リスキリングの号令だけが、宙を舞っている
数年前から、どの会社でも「リスキリング」「学び直し」が合言葉になりました。eラーニングを契約し、研修メニューを揃え、「これからは自ら学ぶ時代だ」と号令をかける。会社としてやれることはやった、という手応えを持っている経営者や人事の方は少なくないと思います。
ところが、現場の温度はなかなか上がりません。受講率は思うように伸びない。受けても、修了ボタンを押して終わり。「やれと言われたからやった」という空気が、せっかくの学びの場に薄く漂っている。これは、担当者の努力が足りないからではありません。「学べ」という号令と、「学びたい」という気持ちのあいだには、思っているより深い谷があるのです。
メニューを増やすほど、受け身になるという逆説
ここで一度、立ち止まって考えてみたいことがあります。会社が手厚く研修を用意すればするほど、社員はかえって受け身になっていく、という逆説です。
用意された棚から「これを受けなさい」と渡される学びは、どこまでいっても「やらされるもの」です。便利ではある。けれども、便利さは主体性を育てません。むしろ「言われたものをこなせばいい」という姿勢を、静かに強化してしまうことすらあります。
そもそもリスキリングが目指していたのは、特定のスキルを一つ覚えさせることではなかったはずです。環境が変わっても、自分で必要に気づき、学び続けられる人――いわゆる自律型の人材を増やすこと。そこがゴールだとすれば、メニューの数や受講率を競うのは、目的地を少し取り違えているのかもしれません。
自律のスイッチは、本人の内側にしかない
人が自ら学び出すのは、たいてい学びが「自分ごと」になった瞬間です。この先どうなりたいか、いまの自分に何が足りないか、その学びが自分のキャリアのどこにつながるのか。これらが本人の中で像を結んだとき、はじめて学びは「やらされるもの」から「自分のためのもの」へと変わります。

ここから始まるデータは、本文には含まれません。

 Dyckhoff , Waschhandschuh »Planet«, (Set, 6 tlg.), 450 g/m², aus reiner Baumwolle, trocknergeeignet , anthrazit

やっかいなのは、この「自分ごと化」は、どれだけ立派な制度を整えても、それだけでは起こせないということです。スイッチが入るきっかけは、たいてい、もっと人間くさいところにあります。

主体性に火をつける「仕掛け」は、対話の中にある
では、何が本人のスイッチを入れるのか。鍵を握っているのは、やはり、いちばん近くにいる上司や先輩の関わりです。
「会社が用意したから受けて」ではなく、「あなたはこの先どうなりたい?」「最近、面白いと感じた仕事はどれだった?」と、本人の関心や手応えのほうから入っていく。その人がまだうまく言葉にできていない興味や、強み、将来像を、対話を通してすくい上げ、「だったら、この学びはあなたのここに効くね」と、本人のキャリアと学びを結びつけてあげる。そして、学んだことを小さく試せる場をつくり、できるようになった変化を、具体的に言葉にして返す。失敗しても責められない、安心して試せる空気を保つ。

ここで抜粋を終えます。